Classifications

• • C—CHEMISTRY; METALLURGY
  • C08—ORGANIC MACROMOLECULAR COMPOUNDS; THEIR PREPARATION OR CHEMICAL WORKING-UP; COMPOSITIONS BASED THEREON
  • C08G—MACROMOLECULAR COMPOUNDS OBTAINED OTHERWISE THAN BY REACTIONS ONLY INVOLVING UNSATURATED CARBON-TO-CARBON BONDS
  • C08G73/00—Macromolecular compounds obtained by reactions forming a linkage containing nitrogen with or without oxygen or carbon in the main chain of the macromolecule, not provided for in groups C08G12/00 - C08G71/00
  • C08G73/06—Polycondensates having nitrogen-containing heterocyclic rings in the main chain of the macromolecule
  • C08G73/10—Polyimides; Polyester-imides; Polyamide-imides; Polyamide acids or similar polyimide precursors
  • C08G73/14—Polyamide-imides
• • C—CHEMISTRY; METALLURGY
  • C08—ORGANIC MACROMOLECULAR COMPOUNDS; THEIR PREPARATION OR CHEMICAL WORKING-UP; COMPOSITIONS BASED THEREON
  • C08J—WORKING-UP; GENERAL PROCESSES OF COMPOUNDING; AFTER-TREATMENT NOT COVERED BY SUBCLASSES C08B, C08C, C08F, C08G or C08H
  • C08J5/00—Manufacture of articles or shaped materials containing macromolecular substances
  • C08J5/18—Manufacture of films or sheets
• • C—CHEMISTRY; METALLURGY
  • C08—ORGANIC MACROMOLECULAR COMPOUNDS; THEIR PREPARATION OR CHEMICAL WORKING-UP; COMPOSITIONS BASED THEREON
  • C08L—COMPOSITIONS OF MACROMOLECULAR COMPOUNDS
  • C08L79/00—Compositions of macromolecular compounds obtained by reactions forming in the main chain of the macromolecule a linkage containing nitrogen with or without oxygen or carbon only, not provided for in groups C08L61/00 - C08L77/00
  • C08L79/04—Polycondensates having nitrogen-containing heterocyclic rings in the main chain; Polyhydrazides; Polyamide acids or similar polyimide precursors
  • C08L79/08—Polyimides; Polyester-imides; Polyamide-imides; Polyamide acids or similar polyimide precursors

Definitions

• the present invention relates to a polyamideimide resin film.
• Aromatic polyamide-imide resins are mostly polymers having an amorphous structure and exhibit excellent heat resistance, chemical resistance, electrical properties, and dimensional stability due to their rigid chain structure.
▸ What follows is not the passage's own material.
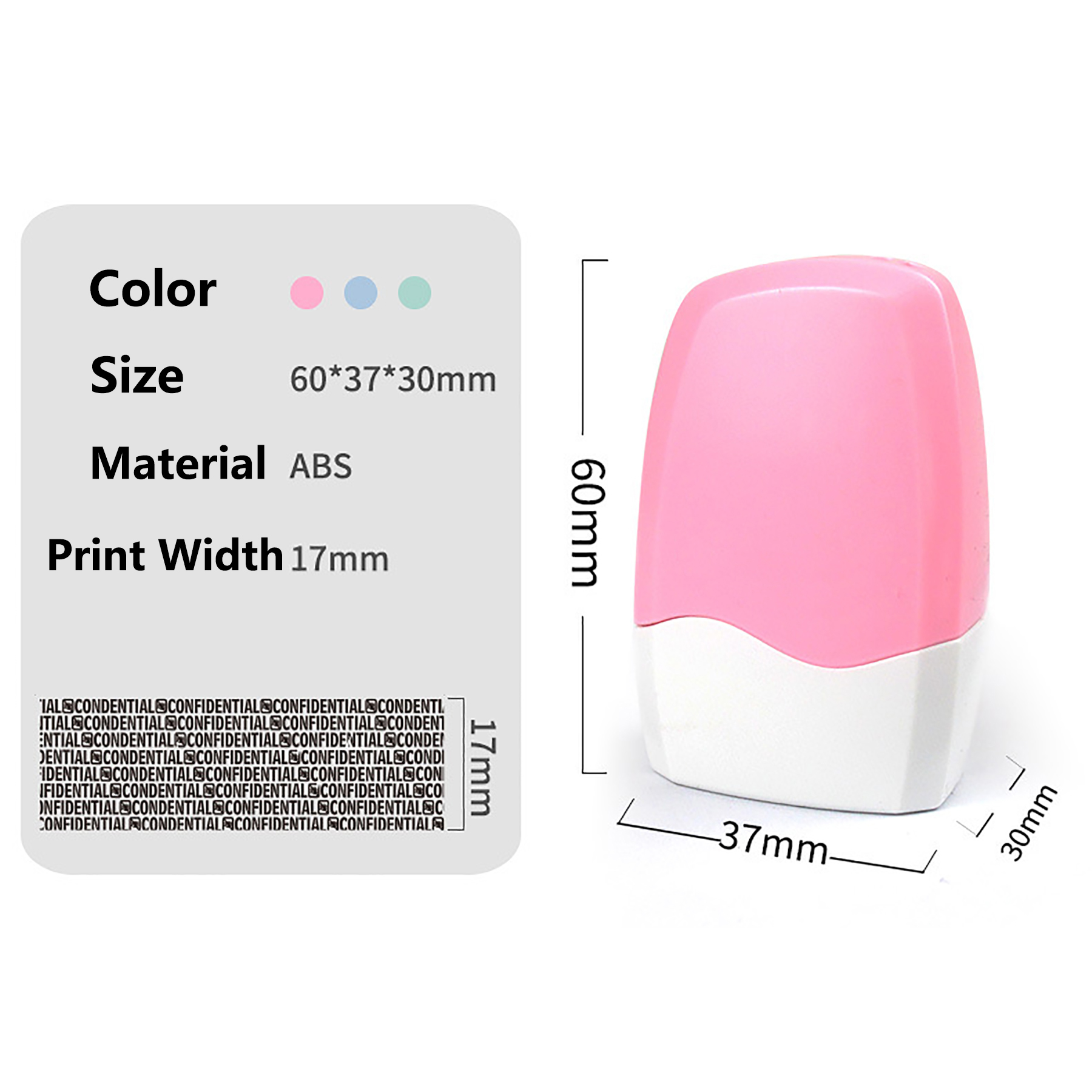 Identity Theft Protection Roller Stamp 2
Such polyamide-imide resins are widely used as materials for electric / electronic, space, aviation, and automobiles.
• the wholly aromatic polyamide-imide resin is mostly insoluble and infusible in spite of its excellent heat resistance, thereby deteriorating moldability and processability, which makes it difficult to use conventional processing equipment for processing the resin.
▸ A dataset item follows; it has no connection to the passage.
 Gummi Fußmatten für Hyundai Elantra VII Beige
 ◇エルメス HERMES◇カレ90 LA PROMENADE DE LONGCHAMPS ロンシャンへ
• the polyamide-imide resin when used as a flexible display material, it is required to have excellent optical properties in addition to thermal and mechanical properties, and it is difficult to satisfy these properties at the required level at the same time.
• the present invention is to provide a polyamideimide resin film having a colorless transparent and excellent mechanical properties and high elasticity and heat resistance.
• the present invention is to provide a method for producing a polyamideimide resin film having colorless transparent and excellent mechanical properties and high elasticity and heat resistance.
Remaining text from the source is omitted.